I recall at numerous lunches I “enjoyed” as head of the Chambers of Commerce, being lectured by a Tory grandee who now appears to have fluid political allegiances. It was quite obvious that his kind considered democracy to be merely a mechanism for the acquiescence by the masses to the things the establishment wished. He said as much, in terms, on more than one occasion. I only mention this because it is a common theme amongst the not so common people, our superiors and betters – you know, those who tell us that they are more intelligent.

This attitude runs across the political spectrum, “despite” (to coin a phrase) that it is laughable. I remember being at the Labour Party Conference in 2015, pen poised in anticipation of spoken policy gems, while listening attentively to a Labour shadow spokesman, who is also politically fluid. When finished there was nothing on the page, so vacuous was he, but still full of righteous entitlement.

From the moment our very superior, former Prime Minister made it clear he preferred soundbite to substantive negotiations, the establishment have worked tirelessly to get what they want. In June 2016 they got a temporary surprise. With the democratic will of the people against them, it just became a little more difficult, the optics were not good, but why should that change a “divine right to rule”?

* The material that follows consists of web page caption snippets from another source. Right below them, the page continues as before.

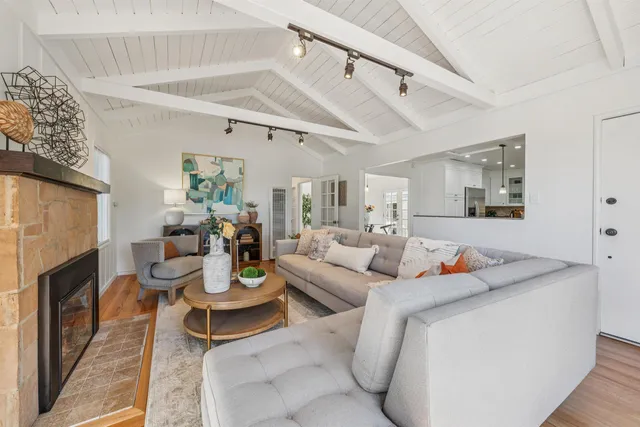 $898,000 | 13000 Neptune Drive, San Leandro, CA 94577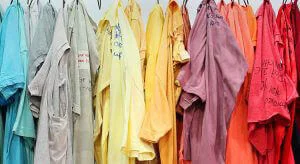 The color I would like…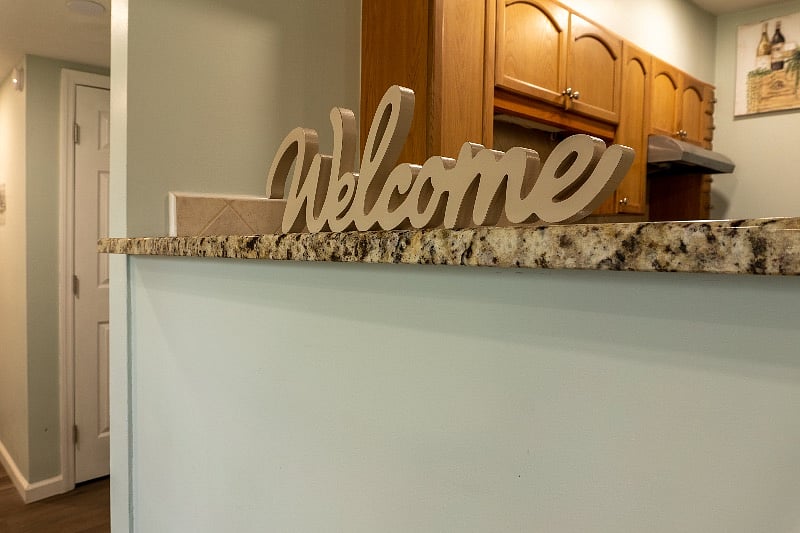 Furnished Finder property 371782_2 photo 28
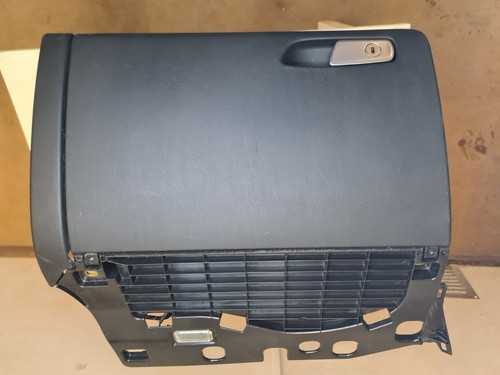 Audi 2008 2015 - b8, box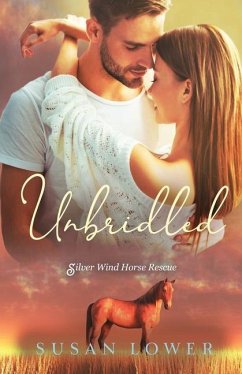 Unbridled - Lower, Susan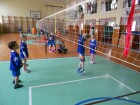 DSCN3599.JPG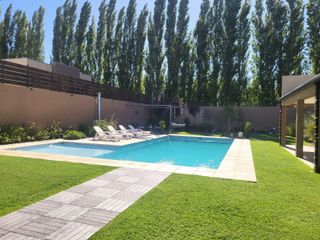 Foto 42 de Casa en el Barrio Confluencia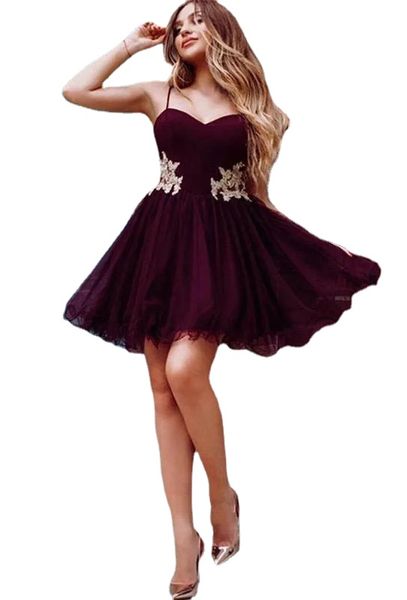 arabic spaghetti straps burgundy homecoming dresses prom dresses formal cocktail party evening dresses vestido de novia, Blue;pink
arabic spaghetti straps burgundy homecoming dresses prom dresses formal cocktail party evening dresses vestido de novia, Blue;pink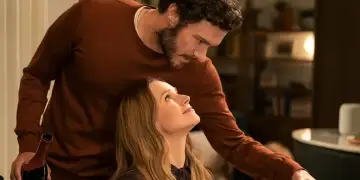 Çfarë është Grupi 7, grupi për të cilin flasin të gjithë në Tik Tok, dhe si ta kuptoni nëse i përkisni atij?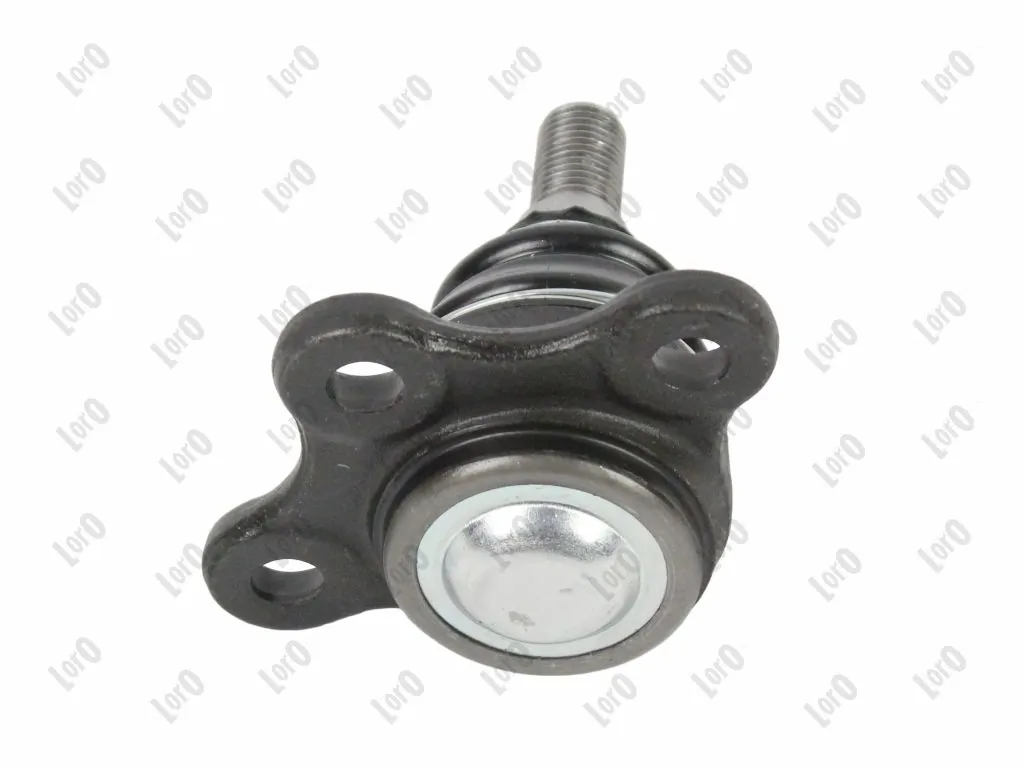 Ball Joint 233-03-028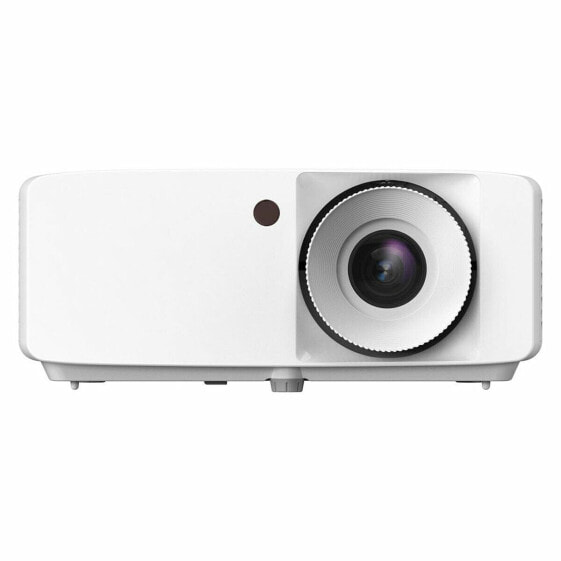 Проектор Optoma ZW350E Full HD WXGA 4000 Lm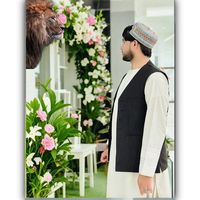 shahbaziafghan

This tragi-comedy has descended into political pantomime, albeit currently out of season, and it will soon come around in the never-ending story of Brexit delay and obfuscation. And the characters are emerging, ready for a finale.

The original seven dwarfs of Change UK have become eleven; for sure modern politics is inhabited by political pygmies by comparison with yesteryear.

The wicked stepmother continues to try to push her establishment agenda through Parliament, asking once again who is fairest of them all. This time dressed up with a nod to the socialist agenda, they in the clouds at the top of the No. 10 tower will stop at nothing and have even rolled out a smiley “Buttons” in the shape of the “adorable” Matt Hancock, hoping he has learned to count the parliamentary blind mice. Forgivably, I can’t think of a role for what’s his name, Rory Stewart.

That great convenor of the one nation, Sir Nicholas Soames, continues to play Widow Twankey. Quite obviously a man of the people and not of the establishment, I remember he once told me he had never been in a supermarket and had his groceries sent from Fortnums. I wonder whether he knows that the EU apply tariffs which protect rich landowners at the expense of ordinary consumers? I bet he does.

Pantomime always nods at cultural references and undoubtedly Gollum has made his appearance, speaking in backward riddles which are only intelligible in the context of a general election, which is “mine”! “Mine it is,” says the beardy one. Truly a useful servant of the establishment.

And then we have the wise, old wizard of doublespeak, where Liberal means illiberal and democratic means anti-democracy. But he has now transmogrified from Cinders into a princess, whose name I can’t quite remember.

Every time Juncker or Selmayr or Barnier appear on the establishment stage we will be able to call out “he’s behind you” – because they certainly are.

Undoubtedly it would be comic if it were not so tragic. They, the establishment, continue to scheme and hatch plots to defeat the democratic will of the people. So brazen are they, that few now try to hide their determination to stop Brexit.

However, there is one other vital character in plays from Shakespeare to pantomime: a character who determines the flow of events and who is always given the last word, that is the narrator.

Enter stage right, once again, our Brexit narrator, Nigel Farage.

However entitled, arrogant and ghastly, or loved, adored and cheered are the characters in our Brexit pantomime, I suspect they have not yet come to terms with the likelihood that their entrance and exit – their role, beginning and end – will likely be put in context, if not determined by, the narrator.

And Brexit? Well it will be alright in the end and, if it is not alright, it is certainly not the end. Let us not forget, the narrator always has the last word.